There is a special role to the denial of fundamental grievances by each side against the other. There are reports of distribution of Holocaust denial literature during pro-Palestinian conferences at American universities.
And embattled Israeli historian Ilan Pappe says Israel’s government, through the ministry of education, has begun “the systematic removal of any textbook or school syllabus that refers to the Nakba [the ‘catastrophe’ that befell Palestinians in 1948] even marginally. Similar instructions have been given to the public broadcasting authorities.”
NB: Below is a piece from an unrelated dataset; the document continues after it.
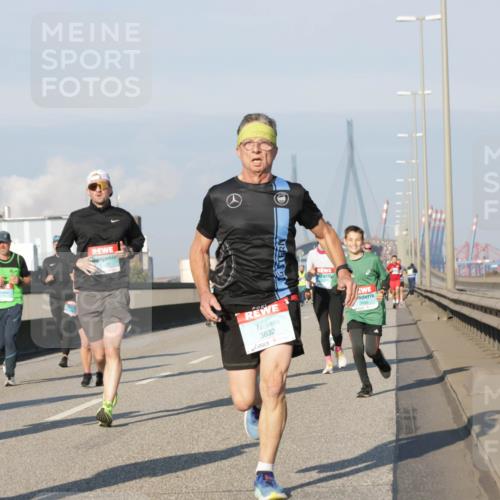 03.10.2025 - Köhlbrandbrückenlauf Jannik Wohlers http://msf.ph/oto/9101211 03.10.2025 09:48:54 Position 3 1207, 3832, 3498 meine-sportfotos.de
The arrows criss-cross not just in the form of hate, but as a sort of second-order hate, in which people accuse each other of hating. Harvard president Lawrence Summers has charged U.S. professors and students with being “anti-Semitic in their effect, if not their intent,” for criticizing Israel and asking universities to withdraw investments there. For those whom he was referring to, many of them Jews, I imagine being called anti-Semitic is far more hurtful — and intimidating — than being called “kikes”.
The presence of anti-Semitism in the Mideast is itself a little disorienting, since in its past forms it always involved a one-sided persecution of Jews. In this case, anti-Semitism is involved, but the situation is far more mutual, like the symmetries of hate in Eastern Europe and elsewhere. We are dealing, in other words, with something less on the model of the rise of Nazi Germany, despite the element of anti-Semitism, than of the disintegration of the former Yugoslavia.
Armenia, Armenia: For a sombre source of limited hope, let me turn to the case of the Armenian genocide, nearly a century ago, when perhaps a million and a half Armenians were slaughtered, some directly and others starved, by Turkish authorities, and another half a million exiled.
And still today their descendants seek not revenge but simple recognition of the event. The Armenian National Committees of Canada and Toronto recently published a pamphlet saying they do “not bear any animosity toward the Canadian Turkish community. On the contrary” — they are motivated by the desire not to allow “Hitler’s contemptuous remark, ‘Who remembers nowadays the Armenians?’to haunt us forever.”
Most Canadian Armenians seem haunted in this way. Atom Egoyan’s new film is on the subject, as was Elia Kazan’s America, America forty years ago. I knew Jerry Tutunjian slightly as editor of the Canadian Automotive Association’s breezy travel magazine, until I started getting mail from him in this cause. Or Zere Ouzounian, a mild, cultivated man (who does root canals all day, every day) and works part of each year in his homeland as his contribution.
They bear this burden quietly, seeking mainly, as a motion passed in the Senate only this year says, that the government of Canada (along with the rest of the world) “recognize the genocide of the Armenians and . . . condemn any attempt to deny or distort” it.
What an odd human need: to force simple acknowledgment of a grievance, as opposed to righting it or avenging it. People often say to someone they are in conflict with that they would just like to put it behind them and move on. The trouble is, it is usually impossible to put something behind you until you have acknowledged that it is there in front of you. Then, amazingly, at least sometimes, you can move on.
The mighty U.S. war machine: At a press conference, U.S. Defence Secretary Donald Rumsfeld was asked about the idea that Osama bin Laden might welcome a U.S. attack on Iraq. He did one of his takes and asked, more or less, What idea?
The reporter said he’d seen a cartoon in which Osama is the only one to raise his hand in favour of a U.S. war on Saddam Hussein. Instead of dis(mis)sing the source as lightweight, Donald Rumsfeld appeared to ponder it, then said something like, well, he could picture a cartoon showing the opposite. It made you wonder how much thought they give their wars. Or maybe the notion of cartoon characters fits right in.